# Lighter line and reel weight than rod?



## Pudldux (Mar 3, 2016)

Smaller reels will work. Always match the line and rod weights though. You will just have less backing put on the smaller reel so that the fly line doesn't jam up. Another route you can take if maximum backing is necessary, is to cut a bit of the running line off, once again just to fit the line on the reel without any jamming.


----------



## Backwater (Dec 14, 2014)

I wouldn't! The lighter reel doesn't balance those bigger rods out very well and your 12wt will feel heavier on the swing without that extra weight counter balancing the heavy rod and the extra heavy fly line. I hope you understand that.

Your best bet is to just buy a spare spool for the 11/12 Behemoth and then spool up 300yrds of 30lb backing and then spool on your intermediate fly line. I'll only take a few mins total to switch spools back and for. For inside Glades, I'm mostly using an intermediate line anyways. Then if I'm out on the outside flats, I'll use a floater, or inside shallow bays. It doesn't take much to swap em out.

Ted


----------



## Str8-Six (Jul 6, 2015)

Can I get away with 11 weight line on a 12 weight rod? The Scott Tidal feels pretty light for a 12 weight IMHO but I'm no expert. The Behemoth is on the big side as well, at least compared to higher end reels like the nautilus. I got the chance to fish both side by side during some epic poon action recently. Maybe I can do 9/10 Behemoth with 11 weight line and 12 weight rod?? 200 yds should be more than enough so not worried about that.


----------



## ifsteve (Jul 1, 2010)

For a long time the general rule of thumb was that you could cast one line weight less and one line weight more on a good quality rod. I believe that in GENERAL is still true today however I think many rods today are less than wonderful with a fly line one less weight than the rod size. A lot of rods today seem to favor heavier lines, especially in the saltwater sizes.


----------



## Backwater (Dec 14, 2014)

Str8-Six said:


> Can I get away with 11 weight line on a 12 weight rod? The Scott Tidal feels pretty light for a 12 weight IMHO but I'm no expert. The Behemoth is on the big side as well, at least compared to higher end reels like the nautilus. I got the chance to fish both side by side during some epic poon action recently. Maybe I can do 9/10 Behemoth with 11 weight line and 12 weight rod?? 200 yds should be more than enough so not worried about that.

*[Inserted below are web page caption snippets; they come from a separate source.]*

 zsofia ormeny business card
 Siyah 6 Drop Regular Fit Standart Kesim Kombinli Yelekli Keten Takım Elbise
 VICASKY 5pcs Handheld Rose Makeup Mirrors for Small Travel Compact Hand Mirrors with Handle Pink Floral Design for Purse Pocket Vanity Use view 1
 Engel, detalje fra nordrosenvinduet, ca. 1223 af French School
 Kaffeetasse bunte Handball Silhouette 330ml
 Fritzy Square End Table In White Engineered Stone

Why do you want the 11wt line? It's called underlining a rod. Where you'll be fishing, you'll need to carry more line out of your tip top rod guide (like ALL of the head) in order to properly load that rod. Back inside the back country, you might not have that luxury to do that. Just stick with the larger 12wt reel. The trend anyways is going larger diameter on tarpon reel for higher line pickup speed as you are reeling. In those rivers, it's critical since there are only 2 directions they can run, either up river and away from you, or back at you and that's where the larger diameter reel comes in handy.

You may be able to be good at boat handling and operation and knowing how to chase a poon, but having 300yrds of backing helps to increase the fly line pickup as you reel due to the extra backing creating a larger arbor on the spool. Besides, what if you hook "the big one" in one of those rivers (they do live there) and your buddy you brought with you can get it together to operate and handle the boat properly and there for you don't get the boat turned around in time and that big fish happens to melt away your backing. I had that happen when I was on the rod, even with 300yrds and the biggest fish I've ever hooked (an honest 200lbs+ (almost hit the boat) melted off 300yrds of 30lb backing with a tight drag before my buddy could get the boat turned around.

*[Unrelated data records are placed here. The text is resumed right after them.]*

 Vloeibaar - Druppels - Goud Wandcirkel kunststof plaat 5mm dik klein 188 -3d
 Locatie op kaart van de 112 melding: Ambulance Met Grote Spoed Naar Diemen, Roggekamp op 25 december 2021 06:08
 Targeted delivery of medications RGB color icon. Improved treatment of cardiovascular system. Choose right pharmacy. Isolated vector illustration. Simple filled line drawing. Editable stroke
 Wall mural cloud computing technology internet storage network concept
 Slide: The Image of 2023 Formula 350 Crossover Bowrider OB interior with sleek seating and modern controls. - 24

Ok, sooo... you're going to fish solo. Ok! You hook a big poon by yourself. I promise you, you'd wish you had 400yrds of backing on that reel. So.... your better "safe than sorry!"

Btw, up in the back country and rivers, you WANT to use a 12wt vs anything smaller unless the smaller fish are what's rolling. Then grab the 10wt. But for the big boys, you really need that backbone in that situation.

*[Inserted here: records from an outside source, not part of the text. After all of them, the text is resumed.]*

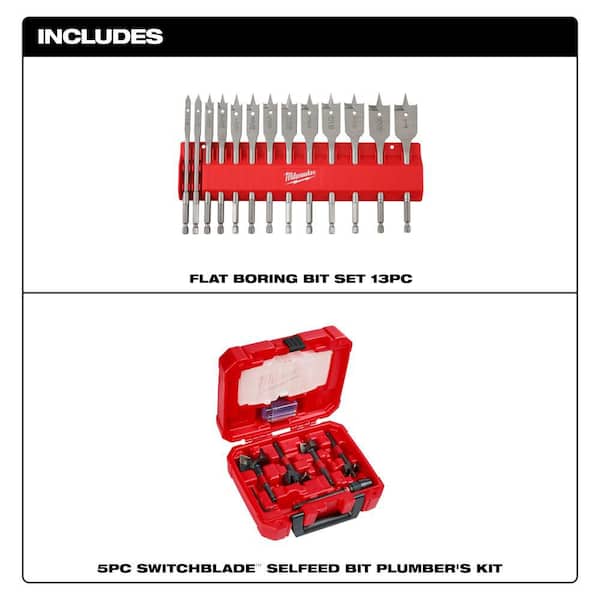 High Speed Wood Spade Bit Set with SWITCHBLADE Plumbers Selfeed Bits Set (18-Piece)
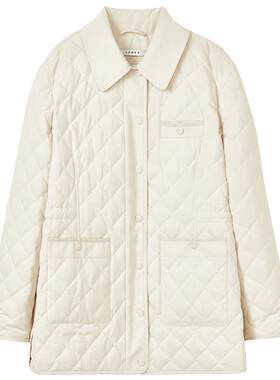 LANCY/朗姿2025冬新款气质简约菱格棉服短外套女百搭白色翻领棉衣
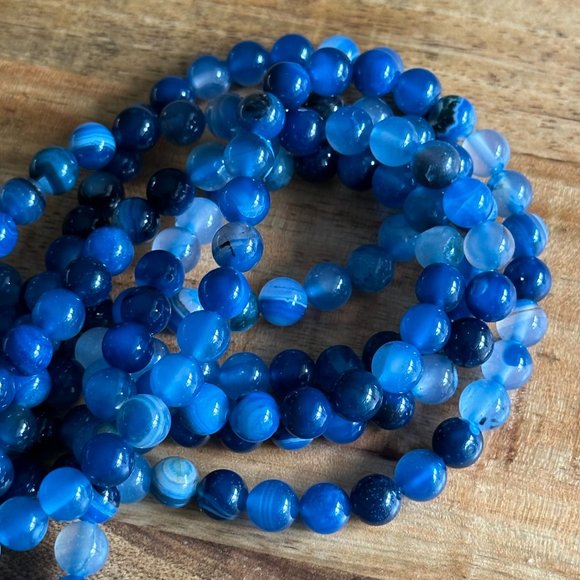 8mm Blue Banded Agate Bead Strands - Picture 2 of 5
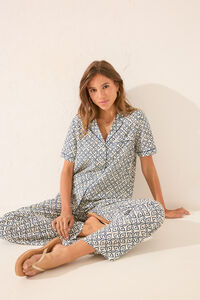 Womensecret Pijama camisera con estampado de sellos estampado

So case in point. If you want to go a little smaller to "add" to your 12wt, instead of thinking going smaller on another reel, just buy a 10wt outfit for the smaller fish and then you can use it for a variety of other species.

Ted Haas


----------



## Str8-Six (Jul 6, 2015)

Backwater said:


> Why do you want the 11wt line? It's called underlining a rod. Where you'll be fishing, you'll need to carry more line out of your tip top rod guide (like ALL of the head) in order to properly load that rod. Back inside the back country, you might not have that luxury to do that. Just stick with the larger 12wt reel. The trend anyways is going larger diameter on tarpon reel for higher line pickup speed as you are reeling. In those rivers, it's critical since there are only 2 directions they can run, either up river and away from you, or back at you and that's where the larger diameter reel comes in handy.
> 
> You may be able to be good at boat handling and operation and knowing how to chase a poon, but having 300yrds of backing helps to increase the fly line pickup as you reel due to the extra backing creating a larger arbor on the spool. Besides, what if you hook "the big one" in one of those rivers (they do live there) and your buddy you brought with you can get it together to operate and handle the boat properly and there for you don't get the boat turned around in time and that big fish happens to melt away your backing. I had that happen when I was on the rod, even with 300yrds and the biggest fish I've ever hooked (an honest 200lbs+ (almost hit the boat) melted off 300yrds of 30lb backing with a tight drag before my buddy could get the boat turned around.
> 
> ...


This is the type of shit I need to make a decision. Thanks again Ted, I’m going to buy another 12 weight Behemoth now lol


----------



## ifsteve (Jul 1, 2010)

Ted's advice is spot on....one bone I'll pick though. This whole trend to larger diameter reels is fine to a point. But when a big fish like a tarpon is running right at the boat nobody can reel a fly reel fast enough to keep the line tight. You just cant do it. Best thing to do is to stick the rod tip in the water and hope the line drag does the trick.


----------



## Backwater (Dec 14, 2014)

Str8-Six said:


> This is the type of shit I need to make a decision. Thanks again Ted, I’m going to buy another 12 weight Behemoth now lol


Geeze.... "spool," not reel!


----------



## Backwater (Dec 14, 2014)

ifsteve said:


> Ted's advice is spot on....one bone I'll pick though. This whole trend to larger diameter reels is fine to a point. But when a big fish like a tarpon is running right at the boat nobody can reel a fly reel fast enough to keep the line tight. You just cant do it. Best thing to do is to *stick the rod tip in the water and hope the line drag does the trick*.


Yeah do that too. Good point to add.

But there is definitely a noticeable difference with these newer larger arbor reels with line pickup as compares to the smaller more old school reels, for sure.


----------



## Str8-Six (Jul 6, 2015)

Backwater said:


> Geeze.... "spool," not reel!


Yep. I ordered a spool for $60 and some Rio Intermediate. Now I have to get a ten weight setup and I should be covered.


----------